On Fri, Dec 12, 2008 at 9:03 PM, Joseph Smith joe@settoplinux.org wrote:
On Fri, 12 Dec 2008 19:44:49 -0500, "Corey Osgood" <corey.osgood@gmail.com
wrote:
On Fri, Dec 12, 2008 at 7:20 PM, Joseph Smith joe@settoplinux.org
wrote:
Just curious, with all the support from AMD, how come no one ever
ventured
down the Athlon XP road? Athlon XP setups are very cheap these days, possibly making development cost effective???
The Athlon XP, and most/all chipsets supporting it, are EOL, therefore
not
a good option from a manufacturer design standpoint, so I wouldn't expect someone to contract a port any time soon. AMD is making the best of their available resources by supporting the K8 and AMD690 chipset, which had
not
reached EOL when work started on the port but I think it may have now. Also, the K7 datasheets are not publically available (last I looked), probably because of details about whatever made them kick P4 ass back in the day
:D
The datasheets on Via KT333/400 chipsets are available online, but not from Via, so I'm not sure of their legallity (you would almost certainly not get that datasheet from Via themselves). I don't know if AMD has any of their K7 chipset docs available online.

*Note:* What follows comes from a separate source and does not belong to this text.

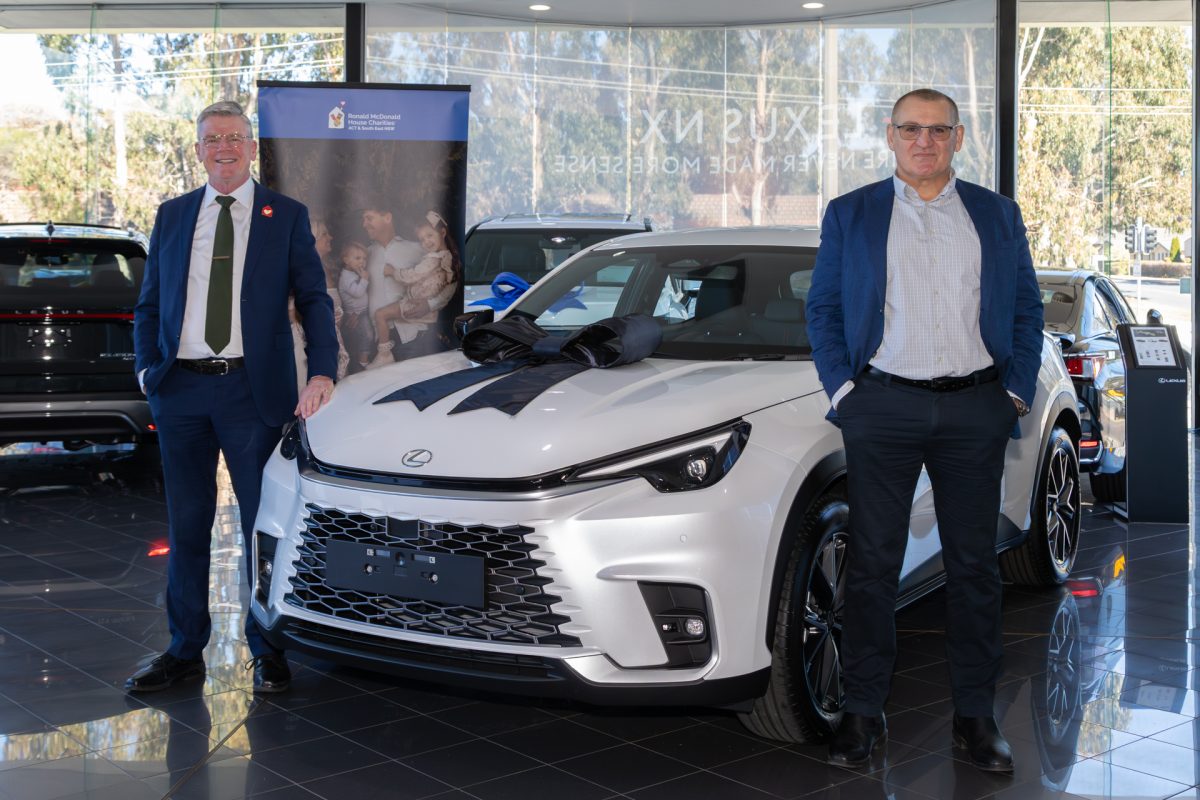 Ronald McDonald House Canberra CEO Eoghan O'Byrne with local businessman Mirko Milic of Lexus of Canberra standing by a new car in a car dealership.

That's too bad. I have a few of these kicking around and your right, they did kick P4 ass back in the day. Hmm, although we spend alot of time with discontinued Intel chips that have limited to null support,
You mean 440bx, i810, etc? Those have publically available docs for the processor, north, and southbridge, and SDRAM init is, comparatively, extremely simple. And i945 is still being used on some embedded boards.
why not a discontinued AMD chip? I'm sure a few of the AMD developers on boards have some knowlage in this area.....
IMO, I'd much rather see them working on the latest K8 chipset then K7 stuff, no offense. I'd much rather put coreboot on my next desktop then my last one.